Until the hungry get fed, and all of our human family has a place at the table there is no equality and there is no justice. And I would add, not much humanity, either.
In the 10th chapter of Gospel of John, Jesus said that He came that we might have life in all its fullness. When I read that passage I understand that life in all its fullness includes sufficient food and shelter and all the other necessary resources to have a full and complete life.
That’s why I agree with Sister Joan Chittister. Those claiming to be Pro-Life need to be more than just Pro-Birth. They need to be truly Pro-Life. And that includes supporting policies that ensure a child has those vital resources necessary for a full and complete life.
Until this is done, Pro-Life is an intentional misnomer, a movement both spiritually suspect and morally indefensible.
I have spent over 35 years working with, and walking along side, the poor and hungry. I have seen some poor here in our country who expect help and who have been taught by our welfare system that they deserve whatever they can get. But these are a minority.

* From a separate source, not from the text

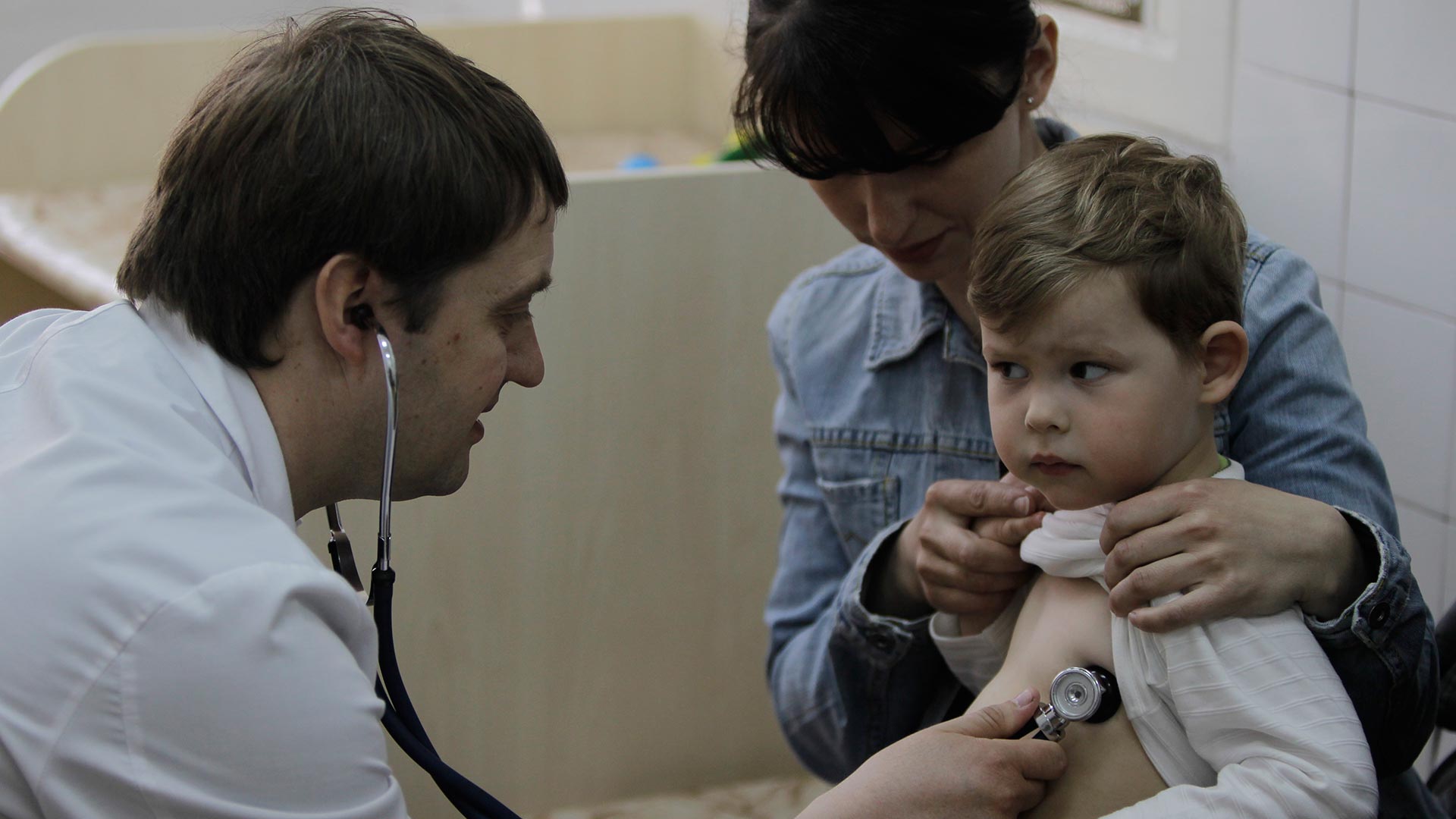 Los pediatras alertan de que la atención en centros de salud "está en peligro"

I have seen far more who struggle to climb out of poverty. This is especially true in other countries. Nothing is more heartbreaking than to watch a mother holding on to an infant dying of hunger. There is a pain in her eyes that time cannot erase.
The tragedy is compounded by knowing she has done everything in her power to keep that child alive. The poor are not lazy, not in my experience. In reality, they will do anything possible to escape the deadly trap of poverty, and that includes working far harder and longer than most of us do.
Thus endeth the sermon for today.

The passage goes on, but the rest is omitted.